We'll start off by talking about running time. This is just the time measured in (hopefully) seconds that an algorithm takes to produce an output given some input. This is going to be dependent on all sorts of things like how fast your computer's processor is, the size of your input (consider the time taken to sort a list of 2 elements compared to 1 million elements), the quality of the code after compilation, and the algorithm's time complexity. Now if we used running time to compare the efficiency of two different algorithms, you'd need to test them on the same machine with the same inputs etc which isn't a very convenient method of comparison (albeit it's certainly more rigorous). The time complexity is the part which is solely dependent on the algorithm, or at least it's dependent enough for you to easily compare between different algorithms.
The time complexity of an algorithm is a measure of the speed of an algorithm as a function of the size of the input, given some abstract machine to work with. What do I mean by abstract machine? Well there may be some processor architectures which are optimised for doing different things like for example the EXAMPLE2000 processor can assign one variable to another in no time whatsoever but takes an entire year to process a simple multiplication, whereas the ANOTHEREXAMPLE3000 processor can do pretty much everything in a millisecond but printing expressions takes a week. The 'abstract machine' is just some model for the time cost of everything that your algorithm can do. Now I know above I said that the time complexity doesn't care about the speed of your processor as they are both components of the 'running time' which is true; e.g. you can have the same processor but one's overclocked. But you still need to use an abstract machine as a framework to determine the relative time cost of everything that your algorithm does.
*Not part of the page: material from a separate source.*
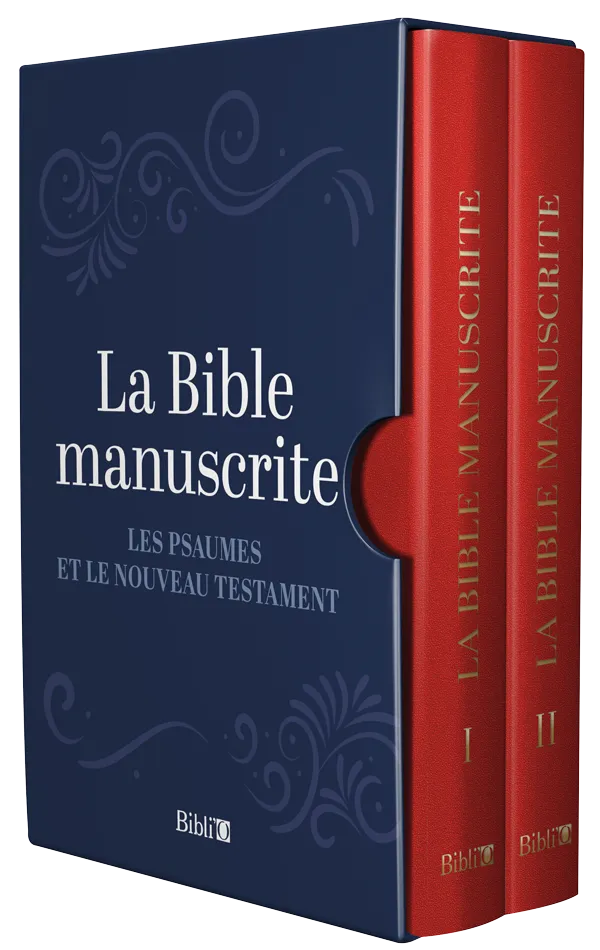 Bible manuscrite (La) - Les Psaumes et le Nouveau Testament écrits à la main (coffret 2 tomes)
We're going to use a simple but fairly representative abstract machine where each assignment (x<--y), print, return and comparison (x<y) takes one step (where a step is some unit of time that we can use for comparison). Operations won't have any time cost (this part is not representative but wherever you see operations there'll be an assignment or comparison nearby anyway so we'll consider them covered). Also this will be a random-access machine meaning accessing memory also has no time cost. Also our machine can't do anything fancy like automatically swap elements in a list; it's basically bare-bones in terms of functionality (but don't worry it's not like it's assembly language which I will be doing a post on in the future and it's going to be awesome).
Okay let's have a look at a simple algorithm: the Power(x,n) algorithm which takes x and n and outputs x^n.
Power(x,n):
value <-- 1 //assignment so +1 to time complexity
k <-- 1 // another +1
while (k<=n) do { //comparison so +1
value
<-- value * x //assignment so +1
k
<-- k + 1 // another +1
}
return value //return statement so +1
Alrighty how many steps did we count? 1+1+1+1+1+1 = 6 steps. But hang on, we ignored the fact that there's a while loop in there meaning that part of the code can be executed multiple times. The question is how many times will it be executed? k starts at 1 and gets incremented at the end of the loop so if n is 3 it's going to be incremented 3 times because after the second time k=n so k<=n is true. So the three +1's that form the steps in the loop occur 3 times however there is then another +1 when the while loop checks whether k<=n and finds out that k is larger than n. So now what do we have, 3 +1's outside the loop, 3 as part of the loop which runs three times so that's 3*3 and then an extra +1 on the final comparison of k and n. This leaves us with 3*1 + 3*3 + 1 = 13 steps. But this was for when n=3, so the general expression would be 3*1 + 3*n + 1 = 3n+4. We can call the time complexity t(n) so for this algorithm t(n)=3n+4.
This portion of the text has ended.